# Assignment
Write out exactly, with no other output, the lines below from the one that contains "S LOVE TANJANE" through the end.

# Supplied material

········

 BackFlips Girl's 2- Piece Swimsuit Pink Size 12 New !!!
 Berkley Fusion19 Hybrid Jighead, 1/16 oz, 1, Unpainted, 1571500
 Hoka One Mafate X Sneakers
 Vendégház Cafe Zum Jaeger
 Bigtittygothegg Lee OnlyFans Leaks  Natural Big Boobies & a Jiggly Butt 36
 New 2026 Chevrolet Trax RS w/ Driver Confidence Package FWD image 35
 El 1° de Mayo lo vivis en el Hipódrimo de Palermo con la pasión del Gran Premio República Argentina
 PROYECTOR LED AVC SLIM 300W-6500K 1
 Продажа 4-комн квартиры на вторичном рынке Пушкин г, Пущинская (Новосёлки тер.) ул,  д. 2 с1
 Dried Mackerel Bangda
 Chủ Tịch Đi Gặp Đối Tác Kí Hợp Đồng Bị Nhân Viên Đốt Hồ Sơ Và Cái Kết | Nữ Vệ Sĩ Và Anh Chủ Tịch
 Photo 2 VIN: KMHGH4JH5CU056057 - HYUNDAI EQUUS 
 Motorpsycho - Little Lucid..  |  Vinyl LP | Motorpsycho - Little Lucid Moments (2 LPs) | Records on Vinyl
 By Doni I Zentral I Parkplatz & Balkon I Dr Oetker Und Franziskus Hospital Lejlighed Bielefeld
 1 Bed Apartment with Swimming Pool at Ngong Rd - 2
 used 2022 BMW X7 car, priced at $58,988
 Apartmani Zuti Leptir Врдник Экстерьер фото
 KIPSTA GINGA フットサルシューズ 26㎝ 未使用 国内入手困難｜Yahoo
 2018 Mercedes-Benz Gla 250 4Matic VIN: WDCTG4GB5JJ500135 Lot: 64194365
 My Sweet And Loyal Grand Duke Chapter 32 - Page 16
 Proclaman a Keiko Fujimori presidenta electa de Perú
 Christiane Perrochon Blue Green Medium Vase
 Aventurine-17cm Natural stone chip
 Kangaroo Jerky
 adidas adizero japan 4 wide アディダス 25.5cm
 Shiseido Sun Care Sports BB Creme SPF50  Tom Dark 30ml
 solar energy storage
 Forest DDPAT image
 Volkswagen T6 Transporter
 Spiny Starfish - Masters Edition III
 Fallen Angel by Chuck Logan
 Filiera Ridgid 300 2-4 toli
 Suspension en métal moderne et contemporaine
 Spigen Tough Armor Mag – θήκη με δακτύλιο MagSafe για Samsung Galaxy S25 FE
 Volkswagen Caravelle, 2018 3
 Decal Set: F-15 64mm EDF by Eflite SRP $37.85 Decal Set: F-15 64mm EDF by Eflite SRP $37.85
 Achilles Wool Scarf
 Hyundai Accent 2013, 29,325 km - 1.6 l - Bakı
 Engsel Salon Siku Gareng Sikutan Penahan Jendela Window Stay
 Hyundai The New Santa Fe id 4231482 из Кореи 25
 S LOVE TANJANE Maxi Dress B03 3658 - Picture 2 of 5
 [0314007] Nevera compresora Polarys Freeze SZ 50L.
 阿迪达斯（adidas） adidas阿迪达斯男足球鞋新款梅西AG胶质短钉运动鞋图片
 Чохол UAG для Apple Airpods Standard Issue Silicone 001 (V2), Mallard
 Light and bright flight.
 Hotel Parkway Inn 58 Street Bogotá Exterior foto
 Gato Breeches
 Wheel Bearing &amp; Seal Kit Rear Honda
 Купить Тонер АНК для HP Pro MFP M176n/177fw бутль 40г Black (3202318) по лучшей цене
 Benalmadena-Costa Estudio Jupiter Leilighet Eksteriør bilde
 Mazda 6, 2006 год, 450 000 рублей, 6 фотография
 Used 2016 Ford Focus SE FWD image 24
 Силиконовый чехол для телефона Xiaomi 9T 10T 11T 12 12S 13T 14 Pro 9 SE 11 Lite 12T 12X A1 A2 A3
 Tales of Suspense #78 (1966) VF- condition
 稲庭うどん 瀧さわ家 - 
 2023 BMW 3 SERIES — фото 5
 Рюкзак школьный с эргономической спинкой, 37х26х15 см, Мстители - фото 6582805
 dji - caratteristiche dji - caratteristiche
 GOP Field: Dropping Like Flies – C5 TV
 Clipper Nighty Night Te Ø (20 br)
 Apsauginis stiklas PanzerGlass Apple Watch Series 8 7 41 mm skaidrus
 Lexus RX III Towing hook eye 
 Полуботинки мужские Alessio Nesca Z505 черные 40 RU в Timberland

········

# Output below
 S LOVE TANJANE Maxi Dress B03 3658 - Picture 2 of 5
 [0314007] Nevera compresora Polarys Freeze SZ 50L.
 阿迪达斯（adidas） adidas阿迪达斯男足球鞋新款梅西AG胶质短钉运动鞋图片
 Чохол UAG для Apple Airpods Standard Issue Silicone 001 (V2), Mallard
 Light and bright flight.
 Hotel Parkway Inn 58 Street Bogotá Exterior foto
 Gato Breeches
 Wheel Bearing &amp; Seal Kit Rear Honda
 Купить Тонер АНК для HP Pro MFP M176n/177fw бутль 40г Black (3202318) по лучшей цене
 Benalmadena-Costa Estudio Jupiter Leilighet Eksteriør bilde
 Mazda 6, 2006 год, 450 000 рублей, 6 фотография
 Used 2016 Ford Focus SE FWD image 24
 Силиконовый чехол для телефона Xiaomi 9T 10T 11T 12 12S 13T 14 Pro 9 SE 11 Lite 12T 12X A1 A2 A3
 Tales of Suspense #78 (1966) VF- condition
 稲庭うどん 瀧さわ家 - 
 2023 BMW 3 SERIES — фото 5
 Рюкзак школьный с эргономической спинкой, 37х26х15 см, Мстители - фото 6582805
 dji - caratteristiche dji - caratteristiche
 GOP Field: Dropping Like Flies – C5 TV
 Clipper Nighty Night Te Ø (20 br)
 Apsauginis stiklas PanzerGlass Apple Watch Series 8 7 41 mm skaidrus
 Lexus RX III Towing hook eye 
 Полуботинки мужские Alessio Nesca Z505 черные 40 RU в Timberland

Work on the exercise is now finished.